* _Work required_:
Required from the data below: the exact lines starting at the line containing "Apartment - Ground Floor photo 2" and ending at the line containing "Iglesia de La Merced  , por CarlosAUB", with both ends kept and all pictures dropped.

[[ Records shown, beginning ]]

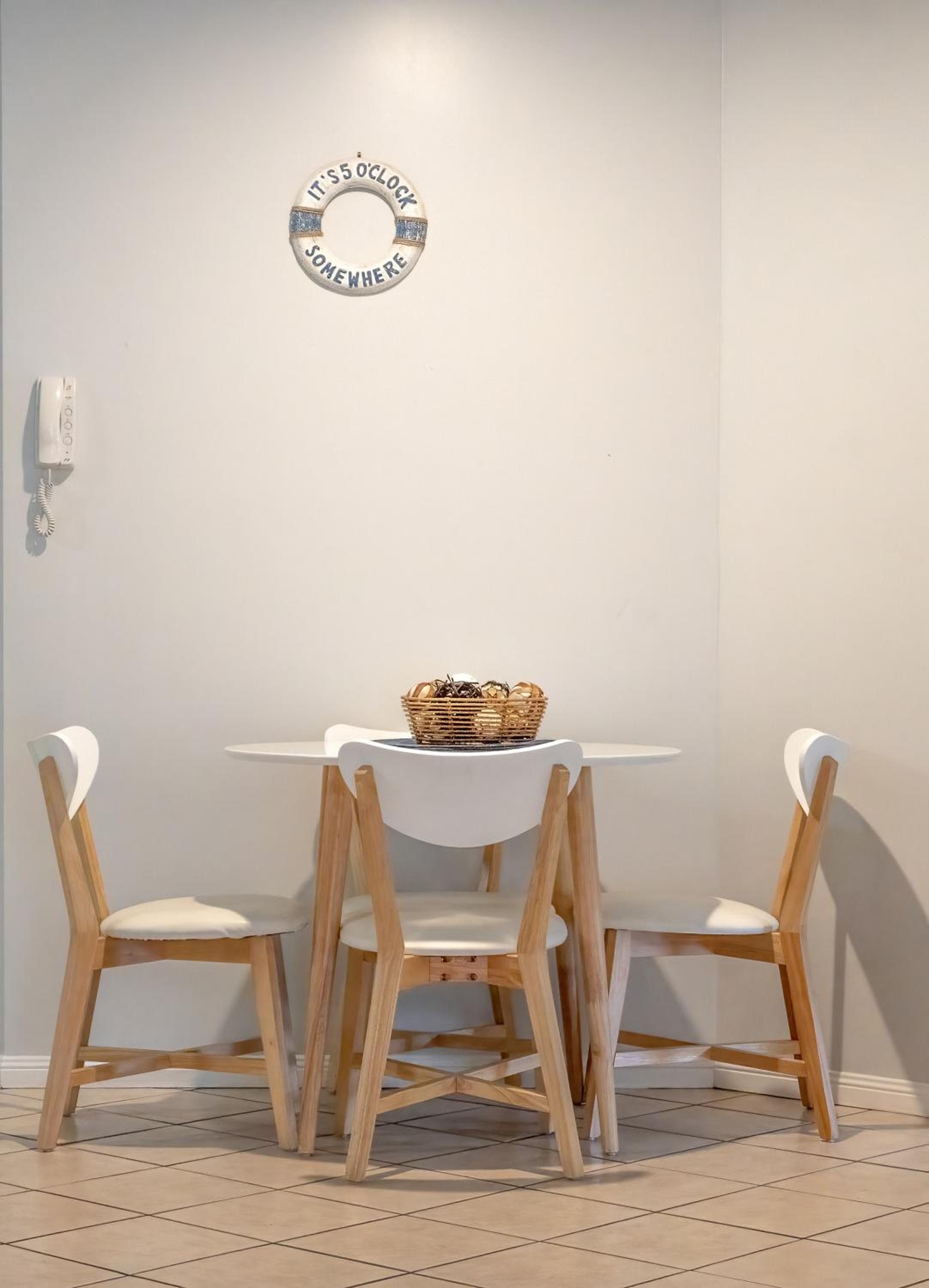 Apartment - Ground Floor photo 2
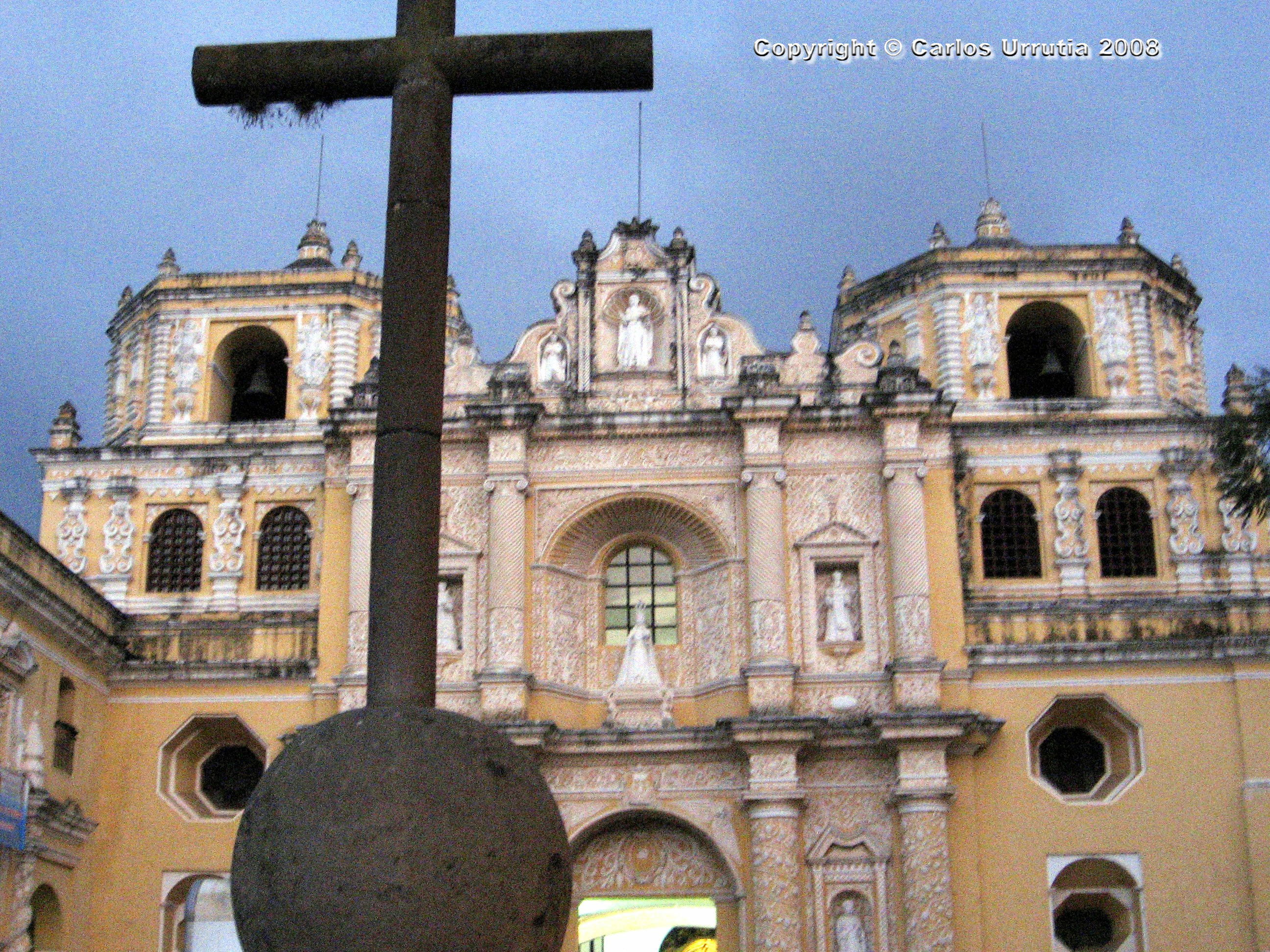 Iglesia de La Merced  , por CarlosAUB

[[ Records shown, end ]]
[[ Records shown, beginning ]]

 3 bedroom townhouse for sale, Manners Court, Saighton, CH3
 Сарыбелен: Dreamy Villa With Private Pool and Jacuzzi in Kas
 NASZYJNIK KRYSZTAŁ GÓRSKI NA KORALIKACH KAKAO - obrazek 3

[[ Records shown, end ]]

* _Response to this task_:
 Apartment - Ground Floor photo 2
 Iglesia de La Merced  , por CarlosAUB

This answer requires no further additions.